Chef Alon Gontowski works on a chocolate dessert that must include vermicelli noodles and spicy tamarind candy on the second season of Food Network’s Sweet Genius.
Chef Alon Gontowski works on a chocolate dessert that must include vermicelli noodles and spicy tamarind candy on the second season of Food Network’s Sweet Genius.
Published April 5, 2012

Food Network's Sweet Genius airs at 10 tonight. Master pastry chef and host Ron Ben-Israel puts four competing pastry chefs through their paces in three rounds of challenges before crowning the genius in question and doling out the $10,000 cash prize.

Tampa pastry chef Alon Gontowski isn't allowed to say much more than that. We know that his gig as a contestant on the show's second season included ingredients like vermicelli noodles and spicy tamarind candy; pomelos and honeycombs, and coquito nuts and watermelon. Oh, and a cotton candy machine. He let slip that this was his favorite "toy" on the set, one he wouldn't mind having in his role as pastry chef at the Seminole Hard Rock Tampa.

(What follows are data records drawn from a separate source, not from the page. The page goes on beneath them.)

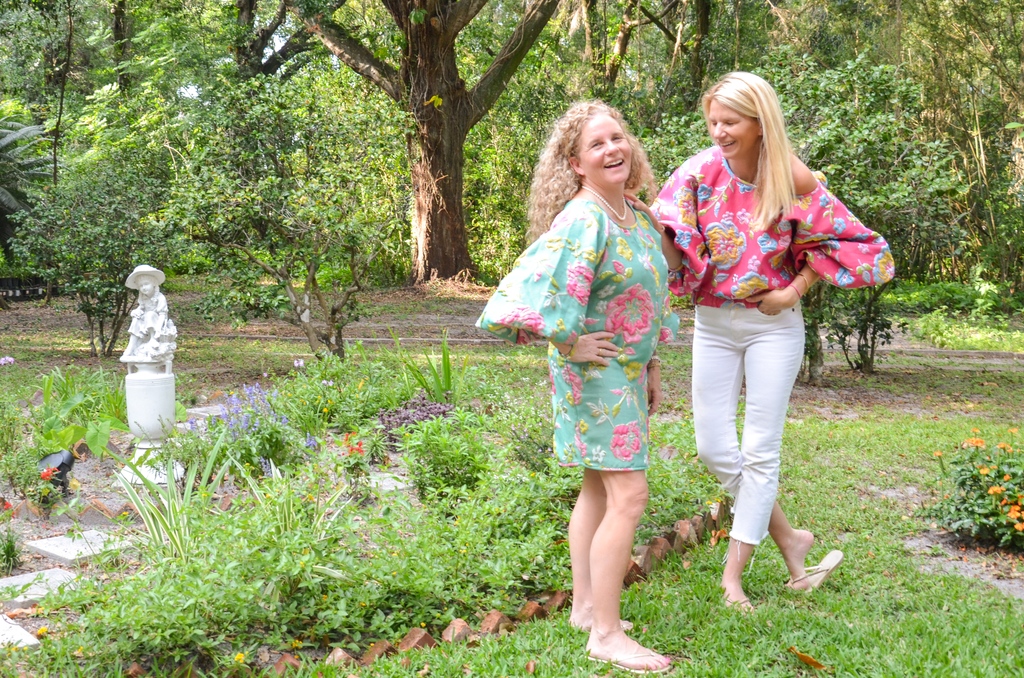 When you show up it coordinating styles it brings laughter and smiles. #greatmindsthinkalike 

#Summeroutfits #uniquefinds #shopsmall #aroundorlando #winterparkfl #neverknowinglyunderdressed #Boutique #femalownedbusiness #weddingseason #bestdressedguest #ArianneElmy #thegrovewp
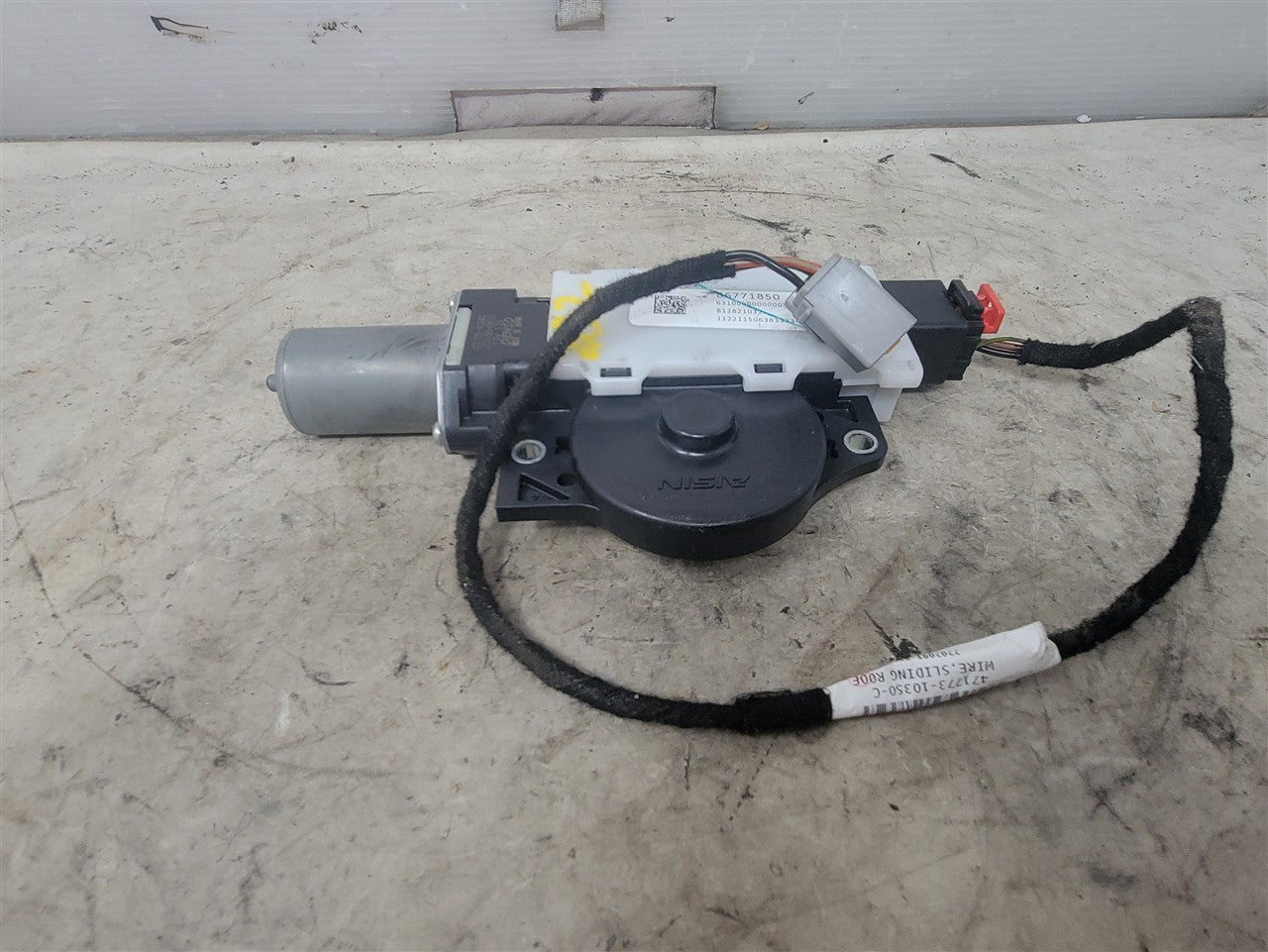 2022 SIERRA150 OEM SUNROOF MOTOR & WIRING 14K 33323 - image 5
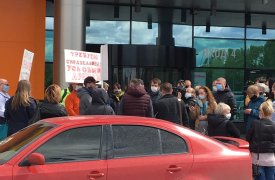 В Туле возле крупного торгово-развлекательного центра прошел пикет местных предпринимателей
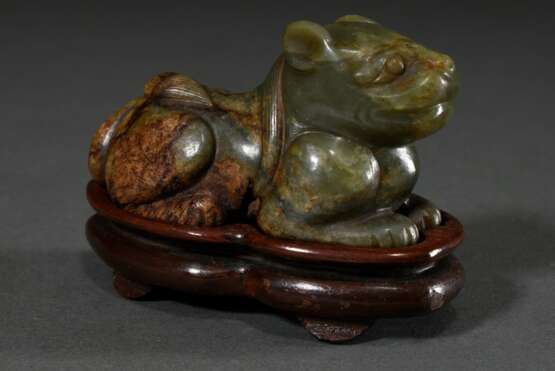 Grünbraune Jade Figur "Liegende Felide" im Ming-Stil, Holzsockel, 4,5x9x4cm, Fehlstellen im Material - Foto 1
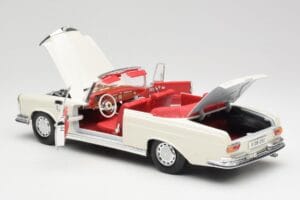 Mercedes 280SE W108 Ivory Weiß Maisto 1:18 50223 Metall — Bild 5 von 8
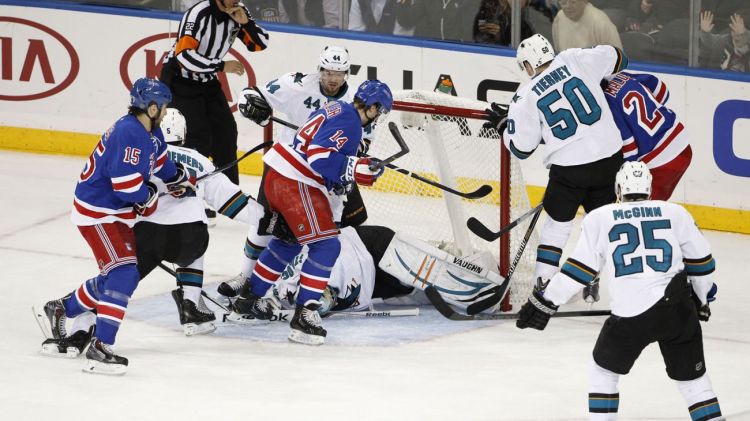 Ryan Malone disallowed goal 10-19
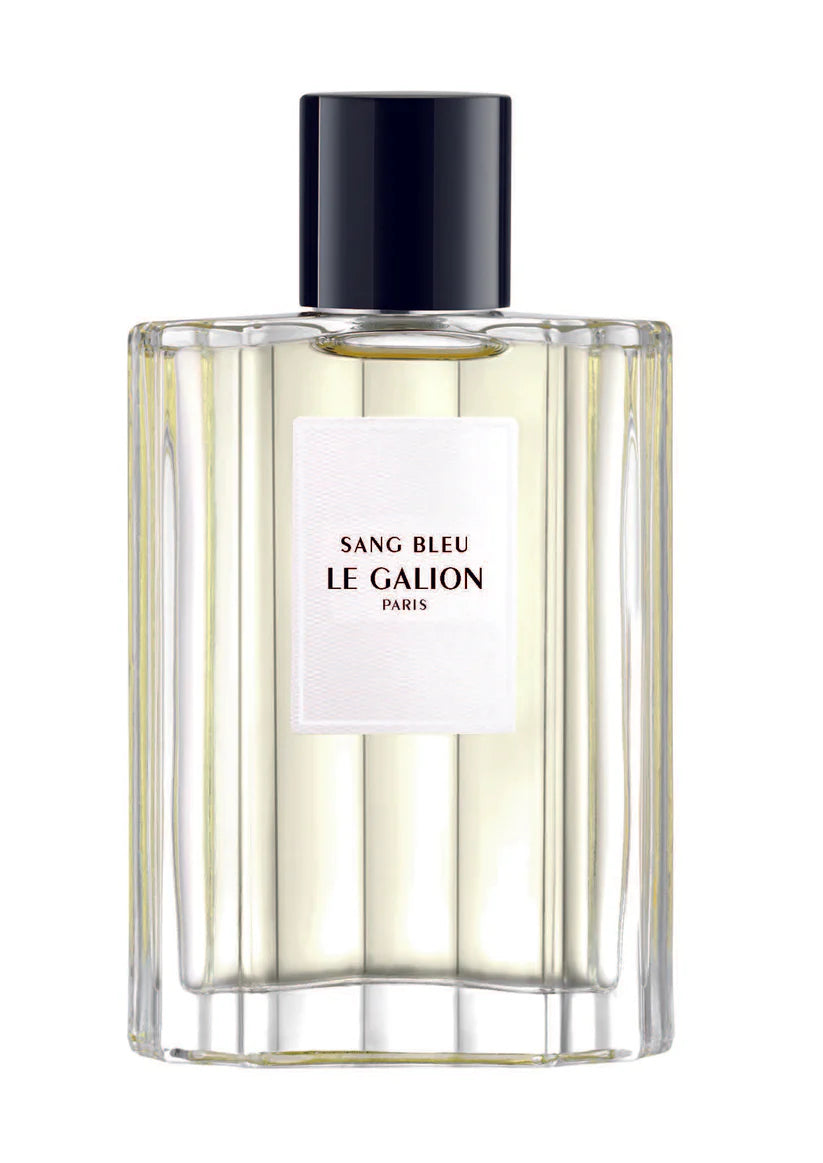 Le Galion – Wardrobe 19
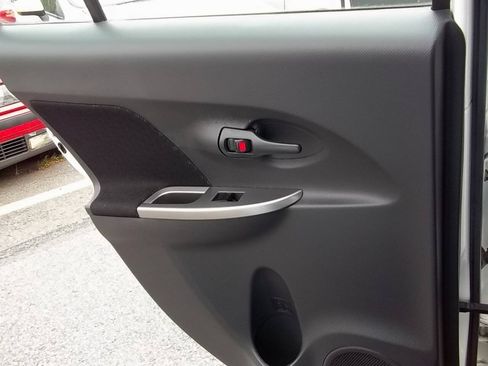 Used 2013 Scion xD FWD image 12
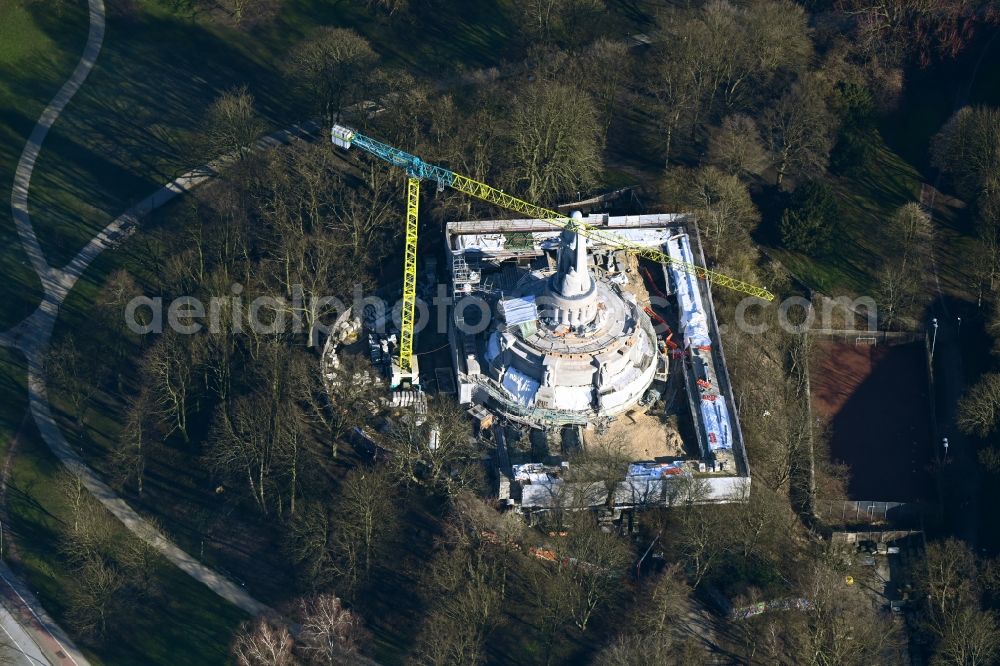 Aerial photograph Hamburg - Construction site Tourist attraction of the historic monument Bismarck-Denkmal in the Alter Elbpark in the district Sankt Pauli in Hamburg, Germany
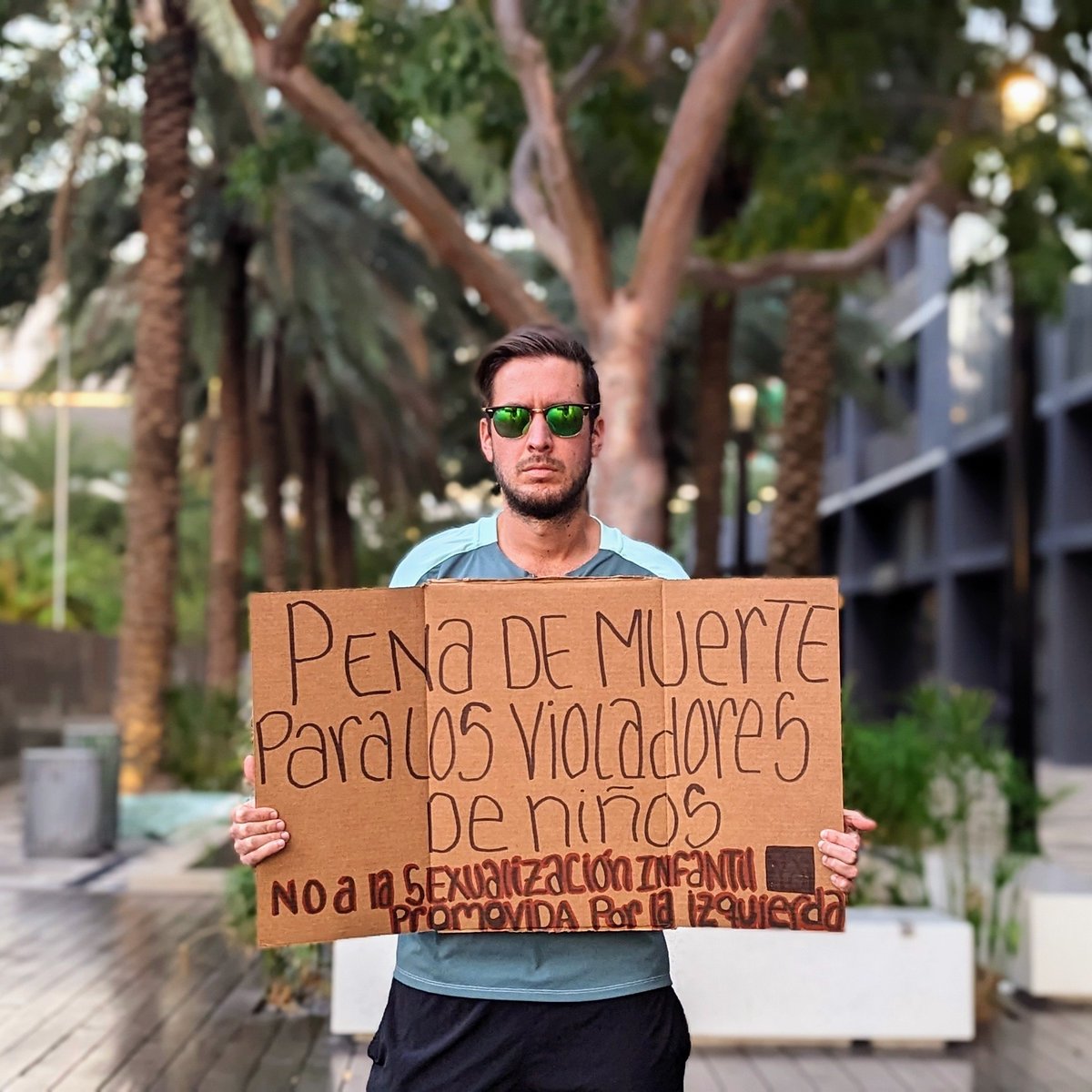 EmmaRincon's tweet photo. Me pueden llenar todos los días mi cuenta de bots con cualquier tipo de comentarios. No me importa (tampoco voy a bloquearlos porque sencillamente crean 30 cuentas nuevas) yo seguiré defendiendo la niñez y pidiendo pena de muerte para los que se atrevan a poner sus sucias manos en los niños.

Los libros pornográficos, los shows de Drag Queens, la sexualización e incitación a destruir órganos sexuales de niños en nombre de la ideología de género no debería tener cabida en nuestra sociedad. 

Que los adultos hagan lo que quieran con sus vidas, pero hay que respetar la niñez. Los trastornados solo quieren contaminar a los niños con sus aberraciones para abusar de ellos y tratar de crear una sociedad pervertida, sin valores y sin familia.

Esto no es nada nuevo, la destrucción de la familia fue una de las ideas de Marx que los enajenados del presente siguen intentando. La familia es la última línea de resistencia ante la tiranía del pensamiento único. Podrán adoctrinar en escuelas, en organismos e instituciones, pero no dentro de los hogares, por eso hay que defender a nuestros hijos y a la familia.
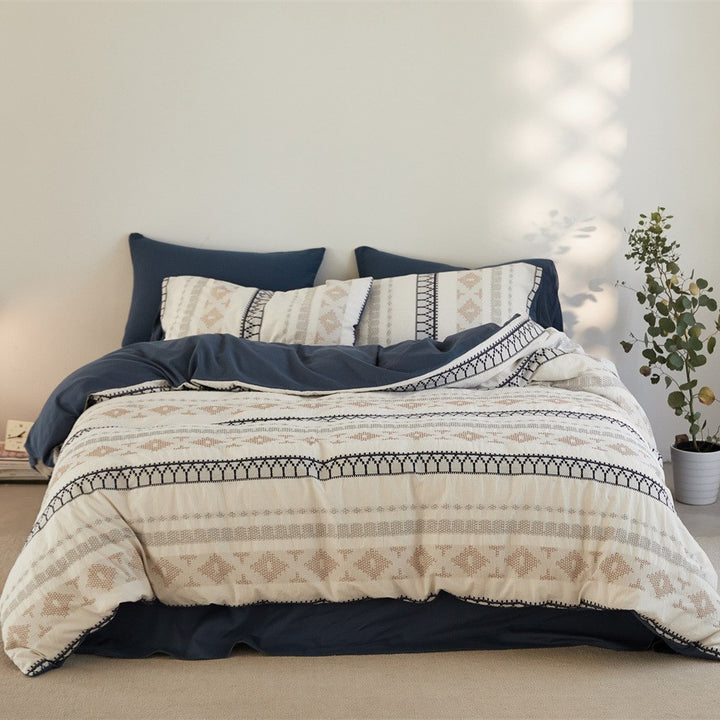 Bedding set made of cotton blend fabric with woven ethnic motif and reversible design
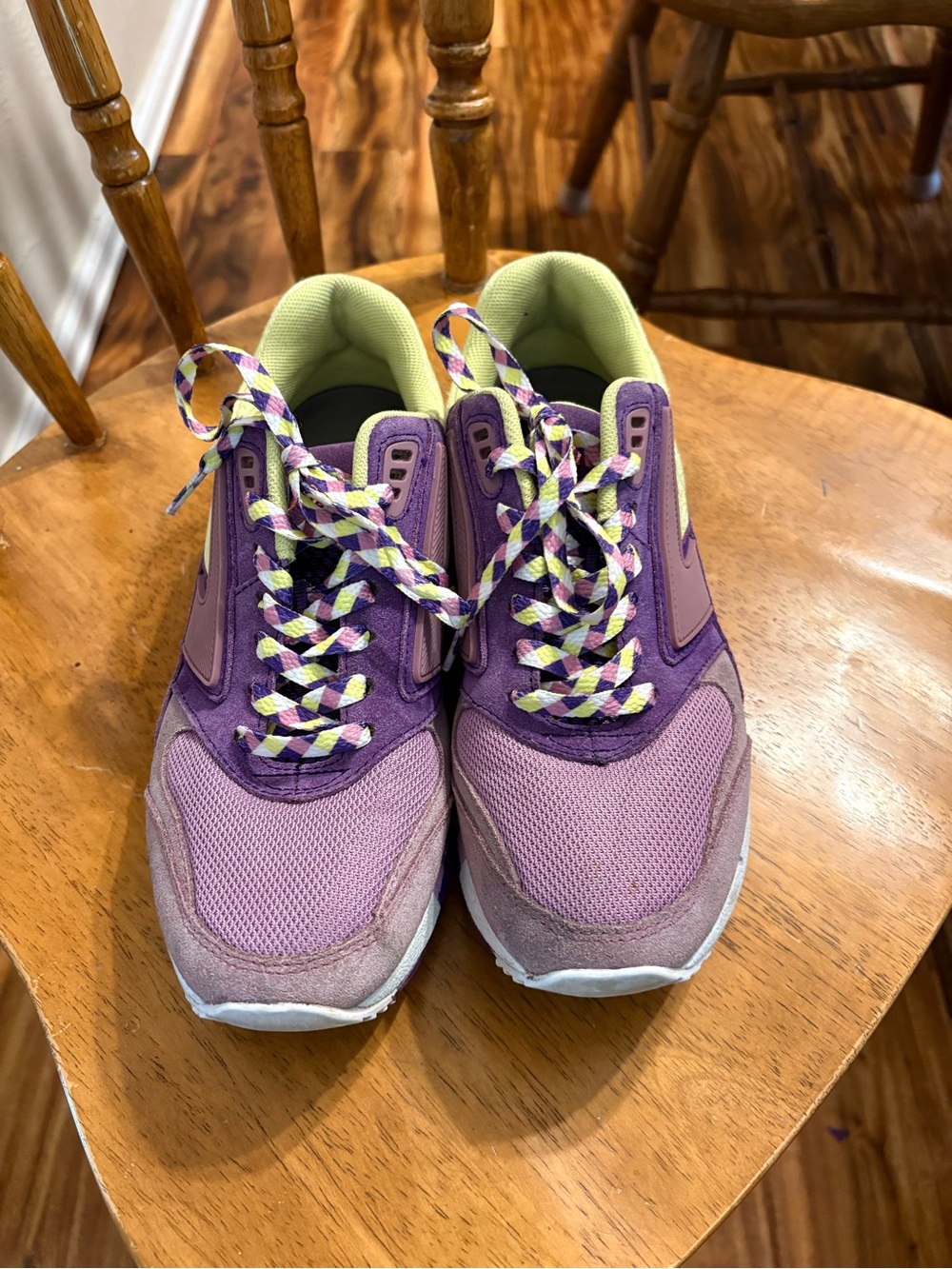 Women’s Size 7.5 Brooks Purple & Lime  Lace-Up Athletic Sneakers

Gontowski says five years at the Hard Rock prepared him for the challenge.

"Being in the casino 24/7, things happen: You can run out of something and then have a VIP coming in unexpectedly. It's about how to use your resources and react accordingly," he explains. "And there's a higher risk with pastry than with regular cooking. You can correct as you go with cooking — pastry is a lot of chemistry and you have to have a greater number of things committed to memory."

No written recipes, no lucky whisk from home. Just equal parts sugar and adrenaline, blended expertly to annihilate the competition.

"There was a wide variety of talent in my fellow competitors. There was a very technical person and a couple of the other contestants were more like cake decorators," explains Gontowski. "We all got along, but demeanors change as the pressure mounts. People get their game face on."

Gontowski is known for retooling a Home Depot spray painter to paint confections with a mixture of chocolate and cocoa butter. Was this a technique that took him to sweet victory?

He demurs, saying enigmatically, "The bigger risk you're willing to take, the harder you can fall."